→ **PROBLEM DESCRIPTION**
Please take the lines from the one holding "FTX-C4D09 ��������������� ���������" through the one holding "天天签到福利赚钱缩略图" in the data below and copy them exactly.

→ **SUPPLIED DATA**
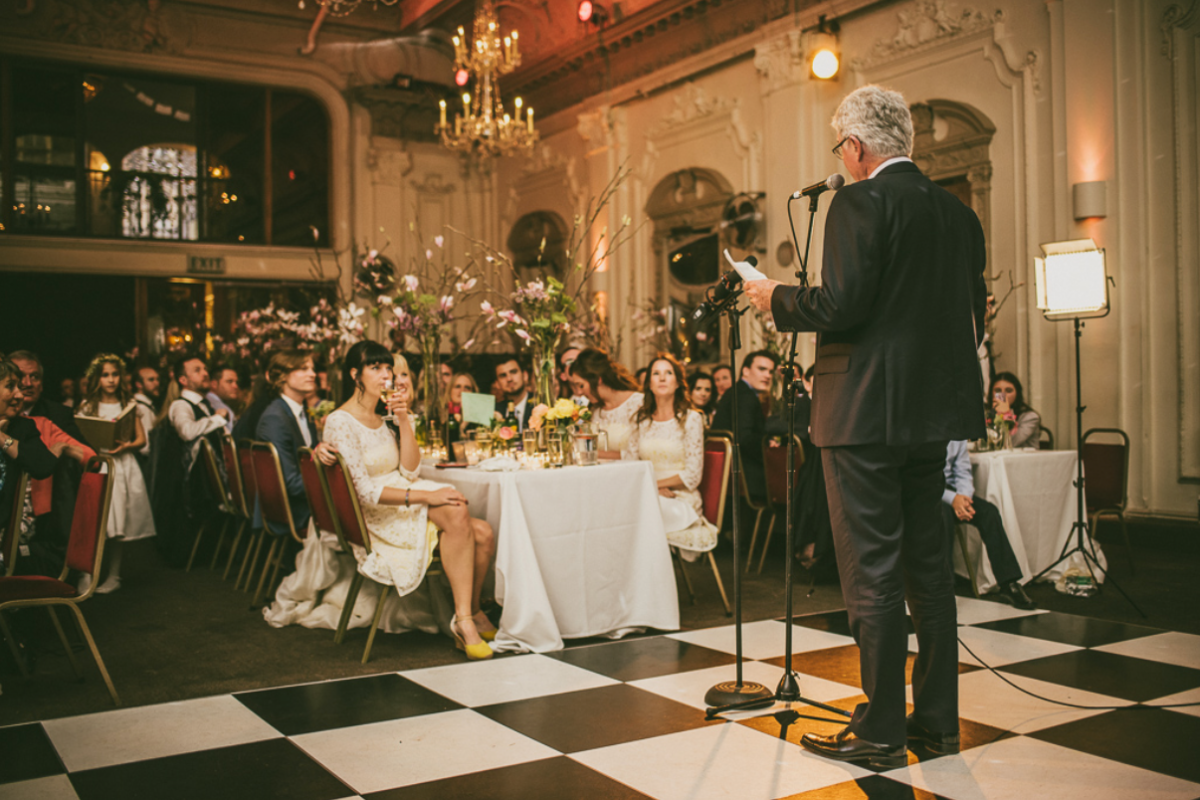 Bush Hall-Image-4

...

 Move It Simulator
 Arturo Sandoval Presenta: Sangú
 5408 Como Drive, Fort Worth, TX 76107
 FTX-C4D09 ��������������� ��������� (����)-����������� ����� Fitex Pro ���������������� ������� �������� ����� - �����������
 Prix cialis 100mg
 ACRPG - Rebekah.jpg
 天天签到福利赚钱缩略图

---

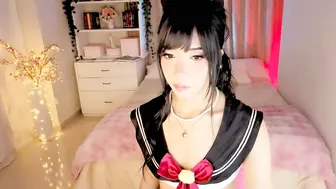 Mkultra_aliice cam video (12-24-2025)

→ **EXPECTED OUTPUT**
 FTX-C4D09 ��������������� ��������� (����)-����������� ����� Fitex Pro ���������������� ������� �������� ����� - �����������
 Prix cialis 100mg
 ACRPG - Rebekah.jpg
 天天签到福利赚钱缩略图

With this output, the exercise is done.